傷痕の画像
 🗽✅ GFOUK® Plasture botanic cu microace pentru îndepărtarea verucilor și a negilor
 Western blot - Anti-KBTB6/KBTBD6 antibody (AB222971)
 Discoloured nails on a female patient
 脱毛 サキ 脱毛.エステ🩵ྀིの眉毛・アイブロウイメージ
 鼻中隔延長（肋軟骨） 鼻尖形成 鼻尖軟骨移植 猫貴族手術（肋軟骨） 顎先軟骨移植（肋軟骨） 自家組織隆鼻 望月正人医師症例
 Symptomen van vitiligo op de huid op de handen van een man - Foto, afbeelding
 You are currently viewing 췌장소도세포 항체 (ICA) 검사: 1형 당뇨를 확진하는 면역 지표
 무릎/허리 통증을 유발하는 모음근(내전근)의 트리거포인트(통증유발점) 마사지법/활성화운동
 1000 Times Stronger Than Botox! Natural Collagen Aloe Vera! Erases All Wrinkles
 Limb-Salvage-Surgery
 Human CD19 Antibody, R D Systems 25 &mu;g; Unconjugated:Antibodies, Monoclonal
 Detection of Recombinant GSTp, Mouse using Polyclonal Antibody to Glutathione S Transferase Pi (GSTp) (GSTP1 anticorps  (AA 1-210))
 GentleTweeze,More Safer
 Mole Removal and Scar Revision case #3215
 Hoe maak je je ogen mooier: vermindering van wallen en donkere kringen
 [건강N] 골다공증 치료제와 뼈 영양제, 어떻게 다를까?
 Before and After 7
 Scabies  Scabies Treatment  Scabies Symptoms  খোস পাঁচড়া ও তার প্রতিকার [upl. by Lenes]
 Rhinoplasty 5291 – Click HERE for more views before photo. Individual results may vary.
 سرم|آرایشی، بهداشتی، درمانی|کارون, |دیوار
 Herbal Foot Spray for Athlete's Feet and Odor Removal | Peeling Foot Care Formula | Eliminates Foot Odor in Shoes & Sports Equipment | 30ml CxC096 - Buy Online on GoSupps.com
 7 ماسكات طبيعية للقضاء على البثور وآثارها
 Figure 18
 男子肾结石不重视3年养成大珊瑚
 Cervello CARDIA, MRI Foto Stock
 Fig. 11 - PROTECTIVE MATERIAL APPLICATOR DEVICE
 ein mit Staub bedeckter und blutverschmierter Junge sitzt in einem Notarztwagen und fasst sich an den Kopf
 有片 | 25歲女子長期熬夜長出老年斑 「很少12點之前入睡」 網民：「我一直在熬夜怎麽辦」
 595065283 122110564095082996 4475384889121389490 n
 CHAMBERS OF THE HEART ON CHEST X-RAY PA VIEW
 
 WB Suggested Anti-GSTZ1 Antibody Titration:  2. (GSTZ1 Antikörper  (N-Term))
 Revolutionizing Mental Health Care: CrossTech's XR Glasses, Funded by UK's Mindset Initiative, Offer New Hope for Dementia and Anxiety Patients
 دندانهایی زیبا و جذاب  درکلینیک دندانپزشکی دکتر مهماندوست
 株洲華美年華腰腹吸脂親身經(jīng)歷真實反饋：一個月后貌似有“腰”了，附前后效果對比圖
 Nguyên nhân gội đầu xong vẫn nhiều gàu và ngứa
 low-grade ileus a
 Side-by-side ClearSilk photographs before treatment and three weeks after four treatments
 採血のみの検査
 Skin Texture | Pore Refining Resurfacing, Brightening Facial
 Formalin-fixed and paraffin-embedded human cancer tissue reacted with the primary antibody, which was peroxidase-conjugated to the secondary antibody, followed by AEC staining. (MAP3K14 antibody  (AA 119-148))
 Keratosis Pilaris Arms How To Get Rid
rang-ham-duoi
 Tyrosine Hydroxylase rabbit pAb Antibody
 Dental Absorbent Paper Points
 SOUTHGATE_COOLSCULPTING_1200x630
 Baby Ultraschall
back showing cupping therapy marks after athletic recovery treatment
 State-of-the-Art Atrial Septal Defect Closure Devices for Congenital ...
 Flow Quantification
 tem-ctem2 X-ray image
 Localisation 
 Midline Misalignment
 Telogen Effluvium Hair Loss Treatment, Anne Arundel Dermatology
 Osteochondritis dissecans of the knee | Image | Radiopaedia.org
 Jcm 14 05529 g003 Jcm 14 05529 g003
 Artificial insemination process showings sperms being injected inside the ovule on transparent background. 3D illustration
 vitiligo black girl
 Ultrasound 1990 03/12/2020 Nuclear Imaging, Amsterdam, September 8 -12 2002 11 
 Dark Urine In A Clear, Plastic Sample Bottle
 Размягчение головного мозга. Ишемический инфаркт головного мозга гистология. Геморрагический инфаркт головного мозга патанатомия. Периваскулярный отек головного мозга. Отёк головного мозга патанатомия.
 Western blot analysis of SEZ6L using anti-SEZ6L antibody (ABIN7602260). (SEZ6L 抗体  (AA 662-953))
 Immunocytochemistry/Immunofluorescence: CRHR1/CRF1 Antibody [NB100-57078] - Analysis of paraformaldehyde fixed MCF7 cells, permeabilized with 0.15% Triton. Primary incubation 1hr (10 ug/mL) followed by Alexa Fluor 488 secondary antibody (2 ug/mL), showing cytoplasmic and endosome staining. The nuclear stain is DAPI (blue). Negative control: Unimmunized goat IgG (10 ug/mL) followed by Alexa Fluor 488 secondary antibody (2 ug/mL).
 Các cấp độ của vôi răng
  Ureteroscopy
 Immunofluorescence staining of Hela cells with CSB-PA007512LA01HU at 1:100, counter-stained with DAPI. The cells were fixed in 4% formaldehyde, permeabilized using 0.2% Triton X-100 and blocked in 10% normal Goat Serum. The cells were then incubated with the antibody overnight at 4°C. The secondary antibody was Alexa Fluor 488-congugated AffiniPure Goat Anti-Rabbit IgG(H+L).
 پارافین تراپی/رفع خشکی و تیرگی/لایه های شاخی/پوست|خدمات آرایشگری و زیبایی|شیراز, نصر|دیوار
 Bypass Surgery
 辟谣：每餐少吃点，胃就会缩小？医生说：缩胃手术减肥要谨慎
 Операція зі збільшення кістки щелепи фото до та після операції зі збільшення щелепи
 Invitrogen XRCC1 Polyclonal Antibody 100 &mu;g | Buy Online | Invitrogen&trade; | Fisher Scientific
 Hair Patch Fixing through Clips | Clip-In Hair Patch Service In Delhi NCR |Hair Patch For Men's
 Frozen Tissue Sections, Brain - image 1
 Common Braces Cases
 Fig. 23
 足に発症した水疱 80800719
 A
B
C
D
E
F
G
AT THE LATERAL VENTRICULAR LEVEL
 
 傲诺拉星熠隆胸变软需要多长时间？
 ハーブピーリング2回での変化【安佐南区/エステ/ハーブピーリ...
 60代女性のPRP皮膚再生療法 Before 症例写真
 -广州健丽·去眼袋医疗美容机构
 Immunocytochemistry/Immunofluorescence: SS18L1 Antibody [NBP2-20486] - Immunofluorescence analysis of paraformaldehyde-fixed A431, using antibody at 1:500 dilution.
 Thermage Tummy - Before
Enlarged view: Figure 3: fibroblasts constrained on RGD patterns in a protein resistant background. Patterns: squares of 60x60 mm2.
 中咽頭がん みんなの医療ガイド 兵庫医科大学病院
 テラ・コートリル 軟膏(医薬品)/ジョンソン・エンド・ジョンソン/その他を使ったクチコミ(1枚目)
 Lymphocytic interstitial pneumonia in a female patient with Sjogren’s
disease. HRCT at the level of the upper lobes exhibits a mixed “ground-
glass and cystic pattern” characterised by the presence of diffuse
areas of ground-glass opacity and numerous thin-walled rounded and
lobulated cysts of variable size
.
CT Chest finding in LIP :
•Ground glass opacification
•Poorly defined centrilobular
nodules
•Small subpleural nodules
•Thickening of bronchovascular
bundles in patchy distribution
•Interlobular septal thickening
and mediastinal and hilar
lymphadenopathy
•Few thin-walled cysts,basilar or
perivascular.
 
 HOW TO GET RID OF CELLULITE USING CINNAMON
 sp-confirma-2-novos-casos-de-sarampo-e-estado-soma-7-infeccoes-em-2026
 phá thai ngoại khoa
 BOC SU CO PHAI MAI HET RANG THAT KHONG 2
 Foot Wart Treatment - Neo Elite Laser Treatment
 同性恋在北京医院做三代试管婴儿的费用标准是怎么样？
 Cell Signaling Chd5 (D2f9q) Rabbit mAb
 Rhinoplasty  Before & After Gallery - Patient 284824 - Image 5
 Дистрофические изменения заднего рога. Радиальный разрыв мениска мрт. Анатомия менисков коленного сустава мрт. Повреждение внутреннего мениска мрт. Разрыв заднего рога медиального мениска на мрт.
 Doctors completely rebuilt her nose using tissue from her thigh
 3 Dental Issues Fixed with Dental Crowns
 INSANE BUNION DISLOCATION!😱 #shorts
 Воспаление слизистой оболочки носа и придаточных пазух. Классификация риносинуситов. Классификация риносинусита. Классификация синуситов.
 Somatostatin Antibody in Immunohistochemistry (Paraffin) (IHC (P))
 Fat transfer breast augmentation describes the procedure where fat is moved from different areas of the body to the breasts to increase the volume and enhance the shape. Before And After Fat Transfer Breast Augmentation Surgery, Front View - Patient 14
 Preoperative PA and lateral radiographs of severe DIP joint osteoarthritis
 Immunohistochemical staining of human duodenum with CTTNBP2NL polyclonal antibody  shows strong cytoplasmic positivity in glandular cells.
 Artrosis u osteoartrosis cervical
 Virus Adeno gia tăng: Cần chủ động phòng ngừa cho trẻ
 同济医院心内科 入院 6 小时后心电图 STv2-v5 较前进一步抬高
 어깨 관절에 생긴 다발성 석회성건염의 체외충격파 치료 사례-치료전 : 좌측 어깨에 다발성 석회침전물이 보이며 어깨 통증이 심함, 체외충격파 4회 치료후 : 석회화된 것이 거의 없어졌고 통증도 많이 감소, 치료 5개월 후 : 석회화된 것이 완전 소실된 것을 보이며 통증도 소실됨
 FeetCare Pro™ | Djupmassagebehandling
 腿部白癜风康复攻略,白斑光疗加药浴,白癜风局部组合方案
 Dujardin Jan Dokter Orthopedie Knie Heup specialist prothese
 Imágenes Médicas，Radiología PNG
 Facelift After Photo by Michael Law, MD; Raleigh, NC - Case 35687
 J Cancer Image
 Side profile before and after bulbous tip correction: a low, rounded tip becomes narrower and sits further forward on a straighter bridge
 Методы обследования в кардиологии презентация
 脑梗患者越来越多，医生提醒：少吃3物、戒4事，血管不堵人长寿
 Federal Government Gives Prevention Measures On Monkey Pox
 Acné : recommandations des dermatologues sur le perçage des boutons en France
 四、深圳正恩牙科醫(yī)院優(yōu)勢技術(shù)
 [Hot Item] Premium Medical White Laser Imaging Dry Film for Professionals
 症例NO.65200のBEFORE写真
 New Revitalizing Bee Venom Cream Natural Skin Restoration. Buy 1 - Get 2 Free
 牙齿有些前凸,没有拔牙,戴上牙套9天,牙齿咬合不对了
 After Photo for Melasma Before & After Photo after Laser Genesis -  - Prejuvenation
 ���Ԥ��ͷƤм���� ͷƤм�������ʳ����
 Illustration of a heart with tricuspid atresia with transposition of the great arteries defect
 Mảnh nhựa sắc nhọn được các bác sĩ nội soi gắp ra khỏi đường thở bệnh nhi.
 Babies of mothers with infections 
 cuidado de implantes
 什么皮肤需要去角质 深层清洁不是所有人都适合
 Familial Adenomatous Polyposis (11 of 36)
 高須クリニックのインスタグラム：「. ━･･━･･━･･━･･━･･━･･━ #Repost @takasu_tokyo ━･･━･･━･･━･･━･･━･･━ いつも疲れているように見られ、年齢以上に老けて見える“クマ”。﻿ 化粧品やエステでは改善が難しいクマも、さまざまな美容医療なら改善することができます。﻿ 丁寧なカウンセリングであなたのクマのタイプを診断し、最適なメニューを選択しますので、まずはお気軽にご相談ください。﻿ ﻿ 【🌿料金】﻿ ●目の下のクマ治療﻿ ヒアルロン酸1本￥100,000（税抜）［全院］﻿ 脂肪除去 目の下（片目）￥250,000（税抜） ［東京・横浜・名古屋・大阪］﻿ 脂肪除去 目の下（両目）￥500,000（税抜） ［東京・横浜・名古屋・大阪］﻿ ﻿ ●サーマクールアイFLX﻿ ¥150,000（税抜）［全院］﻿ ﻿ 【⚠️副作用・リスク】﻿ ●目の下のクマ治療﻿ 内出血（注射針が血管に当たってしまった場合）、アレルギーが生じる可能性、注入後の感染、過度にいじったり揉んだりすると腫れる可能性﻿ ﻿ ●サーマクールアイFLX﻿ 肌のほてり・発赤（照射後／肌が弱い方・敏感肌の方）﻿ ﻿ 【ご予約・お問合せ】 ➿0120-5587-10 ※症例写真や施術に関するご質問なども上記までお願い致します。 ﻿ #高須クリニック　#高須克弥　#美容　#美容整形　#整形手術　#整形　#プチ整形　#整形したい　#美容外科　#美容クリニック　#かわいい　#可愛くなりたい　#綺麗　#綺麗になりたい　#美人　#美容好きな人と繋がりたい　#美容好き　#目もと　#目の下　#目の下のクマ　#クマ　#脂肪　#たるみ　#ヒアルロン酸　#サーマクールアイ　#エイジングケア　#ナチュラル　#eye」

__PROBLEM TO WORK ON__. Each line above from the one with "INSANE BUNION DISLOCATION!😱 #shorts" up to and including the one with "Preoperative PA and" must be set down exactly, and no line outside that span may appear.

__RESPONSE BELOW__.
 INSANE BUNION DISLOCATION!😱 #shorts
 Воспаление слизистой оболочки носа и придаточных пазух. Классификация риносинуситов. Классификация риносинусита. Классификация синуситов.
 Somatostatin Antibody in Immunohistochemistry (Paraffin) (IHC (P))
 Fat transfer breast augmentation describes the procedure where fat is moved from different areas of the body to the breasts to increase the volume and enhance the shape. Before And After Fat Transfer Breast Augmentation Surgery, Front View - Patient 14
 Preoperative PA and lateral radiographs of severe DIP joint osteoarthritis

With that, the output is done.